There are two methods to reduce the size of recovered data:
Saving thin-provisioned data
You can save thin provisioned VMDK or sparse files in bespoke sparse format which can be converted to Windows sparse file after the transfer is complete. During upload, and\or deploy you may require vmkfstools for the additional conversion of uploaded VMDK files into a compatible format.
To save thin-provisioned data using VMFS Recovery™: enable Developer mode by clicking on "View"->"Preferences" and press CTRL+E. Switch to the hidden Developer tab and check "Developer Mode". Click "Ok" to save settings.
Now right-click on the VMDK file and select “Expert-> Save as di_sparce”. VMDK will be saved in di_sparse format and should be converted to Windows sparse before transferring it to the new datastore or mount in VMFS Recovery™ to gain access data inside VMDK (Drives -> Mount image).
Saving guest OS data
Mount VMDK file in VMFS Recovery™ (right-click on the VMDK file. select "Expert" -> "Mount as disk") open it in Reader mode and save the required data inside this VMDK. This data can be transferred, deployed, or uploaded for further use in a new VMDK file.

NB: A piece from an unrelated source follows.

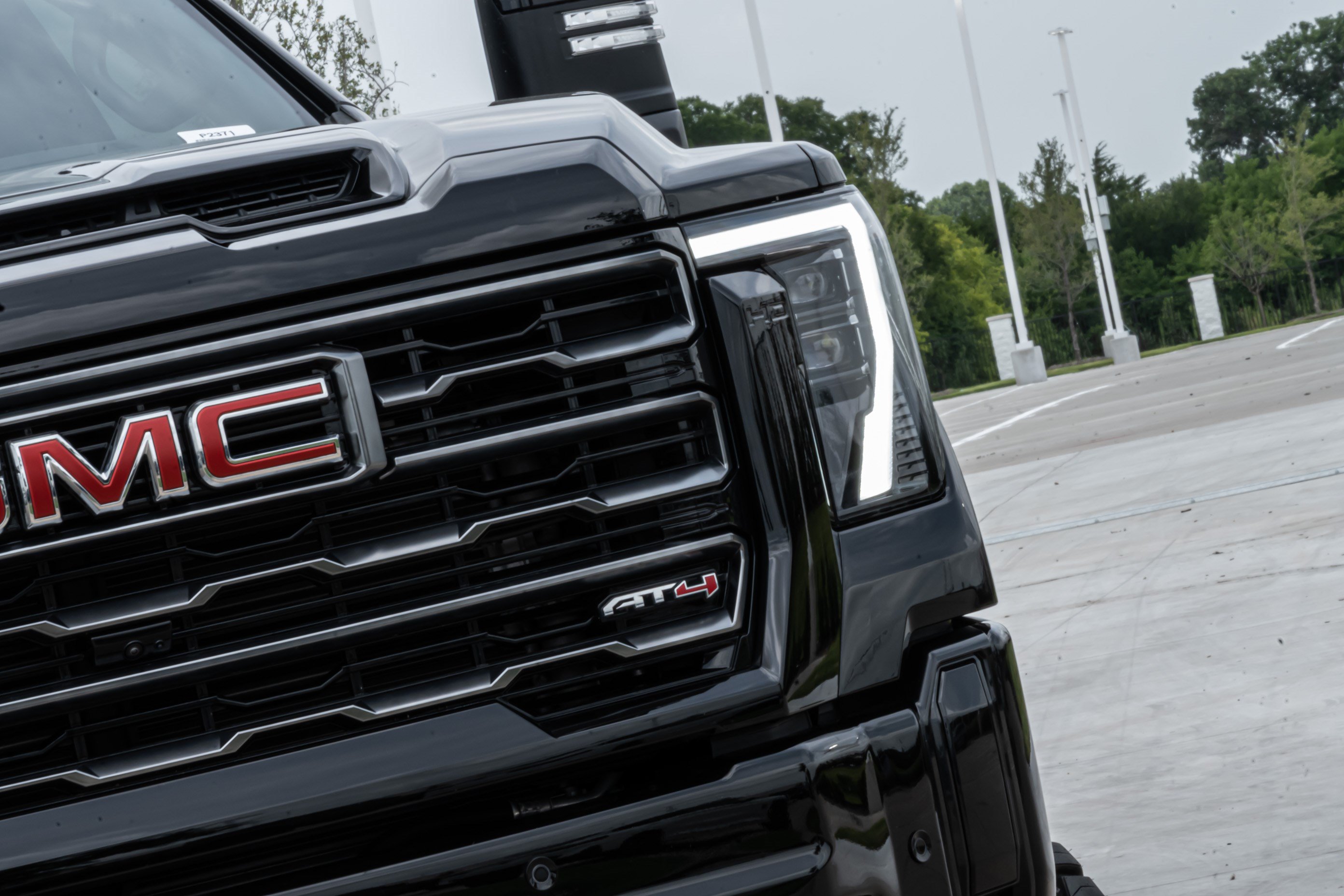 Used 2026 GMC Sierra 2500 AT4 w/ Technology Package AWD/4WD image 11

In this case, files will be transferred as standard thick provisioned data and require no conversion.
VMFS sparse to NTFS sparse
To convert di_sparse to Windows sparse format, open command line in VMFS Recovery™ directory and use following command:
vmfs_recovery.exe -sparse %path to di_sparse% %path to unpack file%
For example:
"C:\Program Files\DiskInternals\VmfsRecovery\vmfs_recovery64.exe" -sparse C:\tmp\test.di_sparse C:\tmp\test.vmdk
Please change “%path to di_sparse%” and “%path to unpack file%” parameters to full paths to the di_sparse file and where the new NTFS sparse file should be located.